The FBI will soon brief the Senate Intelligence Committee on how it hacked an iPhone used by one of the San Bernardino shooters, according to the committee’s leaders.
The decision comes amid pressure from lawmakers who are questioning whether the FBI told the truth during its recent standoff with Apple over an iPhone used by Syed Rizwan Farook, one of the two terrorists behind the California attack.
{mosads}“They have changed their position so many times,” Sen. Ron Wyden (D-Ore.), an Intelligence Committee member, told The Hill. “They have to tell us what’s going on.”
Sens. Richard Burr (R-N.C.) and Dianne Feinstein (D-Calif.) — the Intelligence Committee’s leaders — said a briefing is in the works, but that some particulars may be kept classified.
The FBI has already informed both Burr and Feinstein about its hacking tactics.
“I think that the important thing for the committee,” Burr said, is learning the method fit “within the letter of the law.”
“The sensitivity of it may dictate that there’s less specifics communicated to members than more,” he added, leaving a committee meeting on Thursday.

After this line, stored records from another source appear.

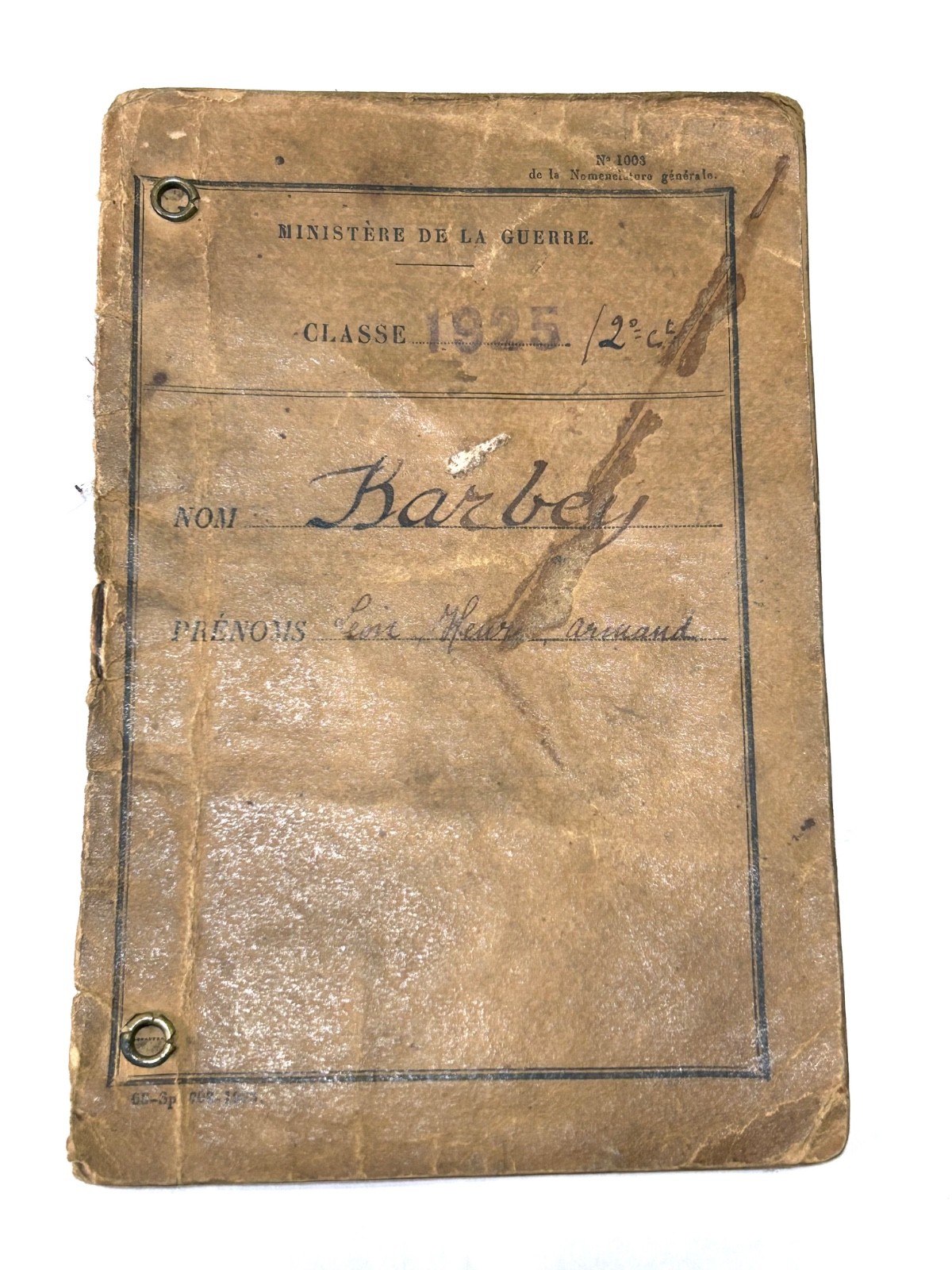 WWI/WWII French Military Booklet 1925 Livret Militaire Artillerie Vesoul Barbey WWI/WWII French Military Booklet 1925 Livret Militaire Artillerie Vesoul Barbey
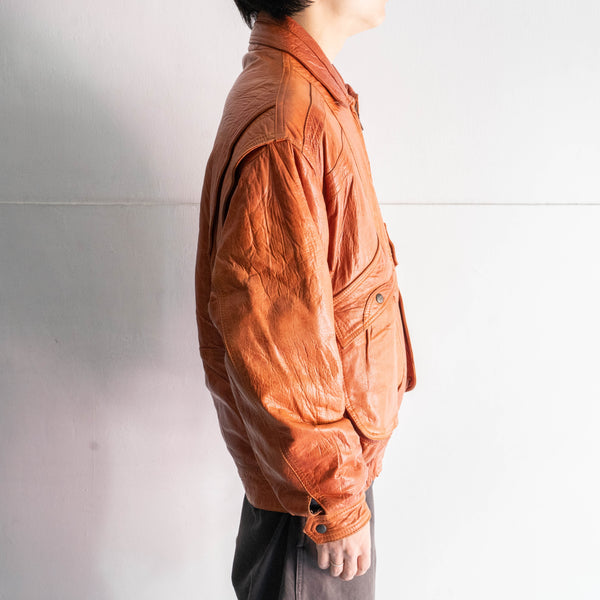 1990s orange brown color design leather jacket　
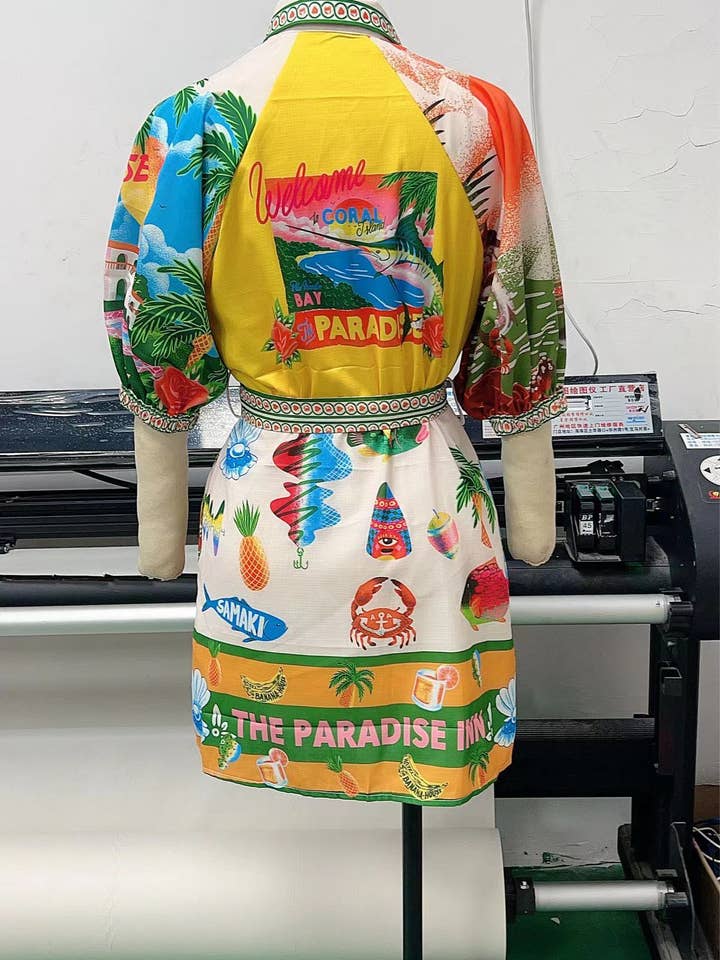 MULTICOLOR PRINTED SHIRT CARDIGAN DRESS for wholesale on Faire6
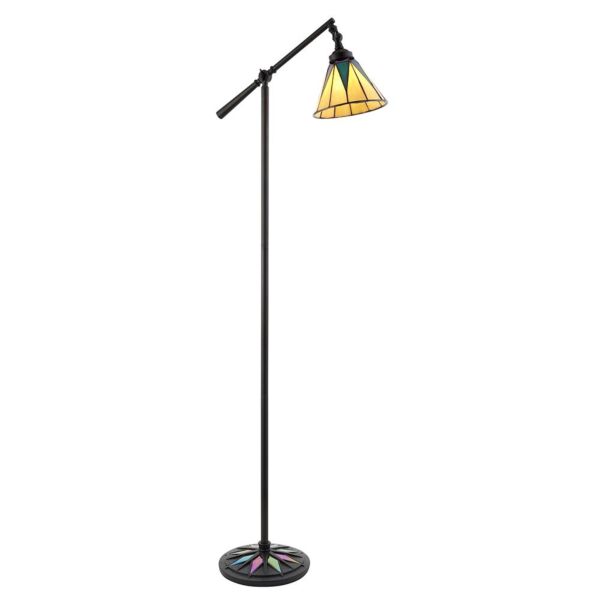 Interiors 1900 - Dark Star - 74355 - Black With Glass Inserts Tiffany Floor Reading Lamp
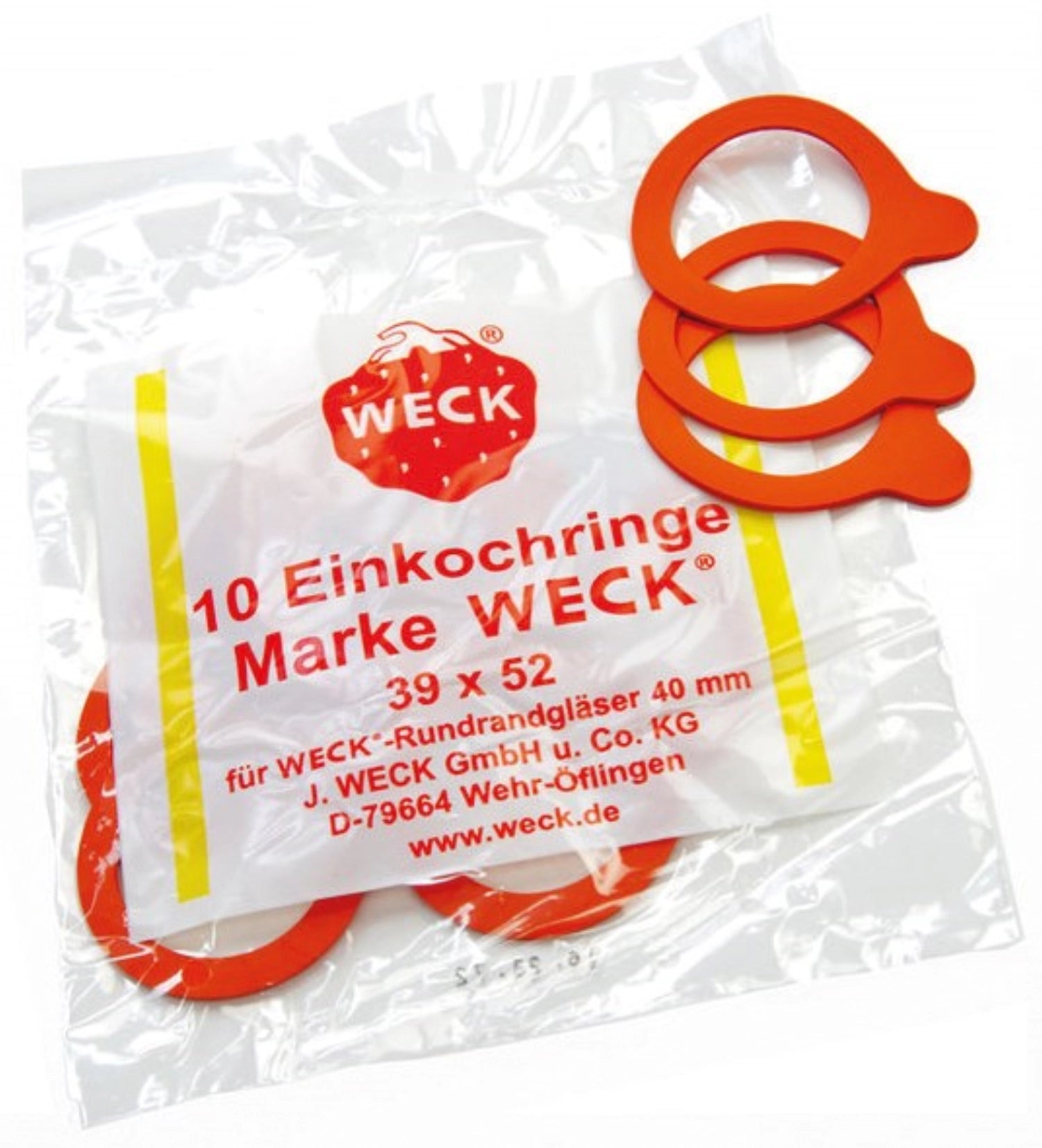 Einkochringe RR40 39x52 von Weck: 10 Stück in Rot, ideal für luftdichtes Einkochen. Hochwertiger Kunststoff für optimale Frische und Sicherheit.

Any attempt to withhold information could frustrate FBI critics, such as Wyden, who believe the agency was using the emotionally-charged terror case in San Bernardino to set a precedent that would allow investigators to access other locked devices.
In February, the FBI said it was impossible to crack shooter Syed Rizwan Farook’s iPhone without Apple’s help, and took the tech giant to court to make it unlock the phone.
But the agency surprisingly reversed course in late March, announcing that it been shown a novel hacking tactic not requiring Apple’s assistance. The Justice Department subsequently dropped its case.
Capitol Hill critics such as Wyden say the whiplash highlights the FBI’s ever-changing position on encryption.
“It’s time for the FBI and the DOJ to stop throwing spaghetti against the wall and hoping something will stick,” Wyden said in a Medium post Thursday.
In a separate case in Brooklyn, the FBI on Friday said it will continue to seek Apple’s help in unlocking the iPhone of a convicted drug trafficker. The decision shows that the courtroom battle over government access to encrypted devices is far from over.
The Obama administration, Wyden said, “has had trouble being straight with the American people about what it wants.”
It’s not just Wyden and FBI critics that wants more details on the iPhone hack. The bureau’s backers believe the agency should be talking to the Intelligence panel.
“I think it’s important for the Intelligence Committee to understand some of this, yes,” Feinstein told reporters this week. “But I think parts of it should remain classified.”
Feistein is working with Burr on a bill that would allow the FBI to force companies like Apple to provide “technical assistance” to the FBI when it requests encrypted data.
Other Intel panel members, such as Sen. Angus King (I-Maine), told The Hill they’re interested in whatever the FBI is able to offer.
“I suppose it’s always good to have information, so we’ll see what they tell us,” King said this week.
Outside the Intelligence panel, Sen. Tom Carper (Del.), the Senate Homeland Security Committee’s top Democrat, said he has also reached out to the FBI about how it cracked Farook’s phone.
Burr indicated that his briefing didn’t include a complete technical run-down, perhaps giving a preview of what other senators might learn.
“I’m not sure that the committee or the chairman, or the vice chairman, will know exactly how it was accessed,” he said.